Uzbekistan 20 Years of Sprightly Membership in The Organisation of Islamic Cooperation


Uzbekistan is one of the ancient centres of the Islamic civilisation, with unique historical and cultural monuments in Tashkent, Samarkand, Bukhara, Khiva and other cities. The country’s land used to be the heart of the ancient Silk Road trade route connecting China with the Middle East and Rome. Today, Uzbekistan has one of the fastest growing economies in the world. Mixing between ancient sceneries and modernisation, the country represents an important destination for tourists from all over the world.

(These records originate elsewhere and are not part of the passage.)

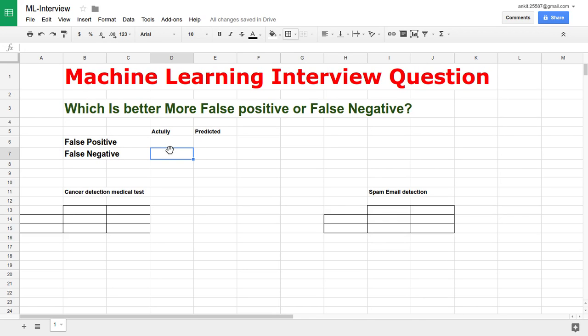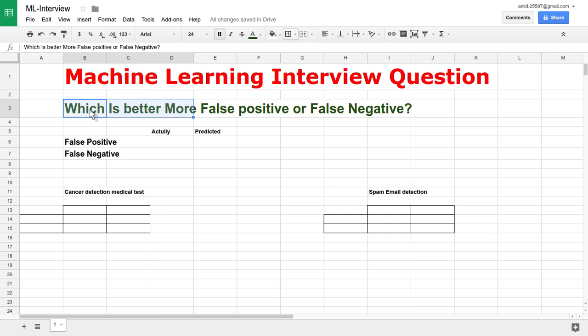Hello friends, I'm your friend Ankit. Today I'm going to start a new video lecture series on machine learning interview questions and answers. So let's begin with our first question: which is better, more false positives or false negatives? This is one of the most commonly asked interview questions for machine learning jobs.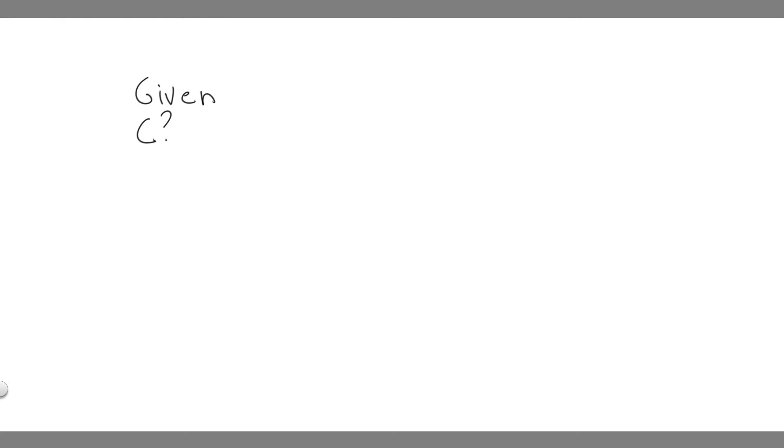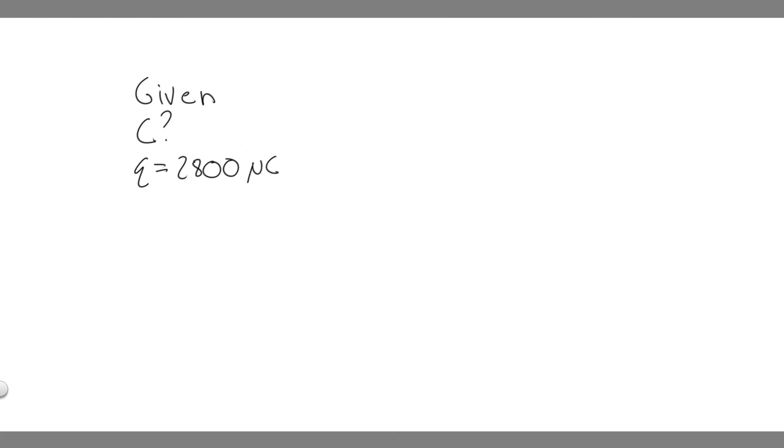Because the way a parallel capacitor works is that one side has the negative of the other, so essentially it's 2,800, and then the other side is just negative of that. We're just going to write Q equals 2,800, because that's all you really need to solve this problem. Keep in mind, it is microcoulombs.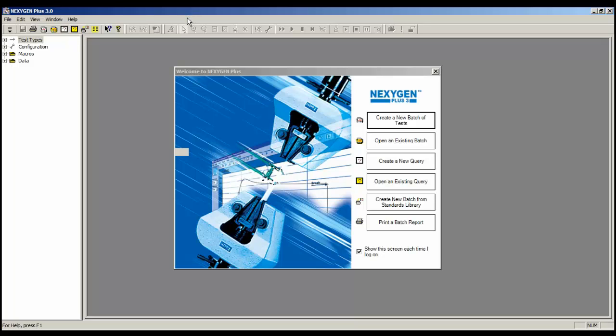Hello, I'm Chris, and today I'm going to show the Nexygen Plus statistical features. These are normally used to calculate the statistics for all data in a batch file, but a filter can be used to obtain statistics for selected tests.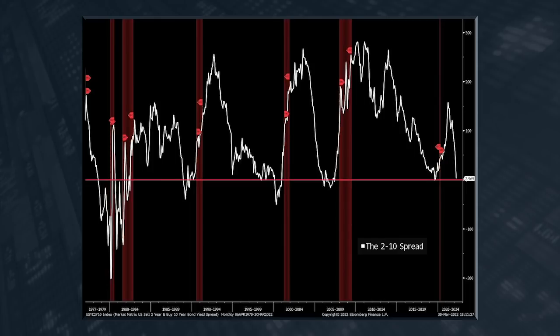Look at the track record. Every time the two-to-ten-year spread falls below parity, you get a recession. That's why people say this is such an effective way of predicting future recessions. Look where we are right now — it's just about to plunge below it. It did actually plunge below it temporarily a couple of days ago, but then it pulled back a little bit, meaning the two has fallen and the ten has risen. But you can see the trend — that's where we're headed.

The doubly landlocked country, Uzbekistan, is located in Central Asia. With an area of 414,240 square kilometers, it stretches 1,425 kilometers from west to east and 930 kilometers from north to south. It is bordered by Afghanistan in the south, Turkmenistan in the west, Kazakhstan in the north, and Tajikistan and Kyrgyz Republic in the east. The physical environment of Uzbekistan is diverse, ranging from the flat, desert topography that comprises almost 80% of the country’s territory to mountain peaks in the east reaching about 4,500 meters above sea level. Uzbekistan’s central region consists mostly of a desert broken by the oases of the Zarafshan and Sukhandarye rivers. The land that is now Uzbekistan was once at the heart of the ancient Silk Road trade route connecting China with the Middle East and Rome.


Capital Tashkent
Population 29,893,488 (2015)
Area 414,240 sq. km
Major Language (s) Uzbek
Major Religion (s) Islam
Life Expectancy Male: 64.95 years ; Female: 71.67 years
Currency Uzbekistani Som (UZS)
Literacy rate Youth 99.95%, Adults 99.59%
GDP Per Capita 2,110.65 USD (2016)


The history of Uzbekistan goes back to more than 2,000 years filled with incidents that established for the current performance excellence. During the first century BC, Uzbekistan – as part of Central Asia – formed an important part of the overland trade routes known as the Great Silk Road linking China with the Middle East and imperial Rome. Islam entered the area as early as the seventh century and soon after that Bukhara was developed as an important centre for Islamic cultures. Genghis Khan invaded the region and conquered Central Asia, including today’s Uzbekistan, in the thirteenth century. Before Uzbekistan was able to enjoy complete independence, Russia took over Tashkent in the mid-nineteenth century and established it as the capital of Turkestan, incorporating vast areas of Central Asia. Uzbekistan represented part of the Union of Soviet Socialist Republics (USSR) which was formed in the early years of the twentieth century.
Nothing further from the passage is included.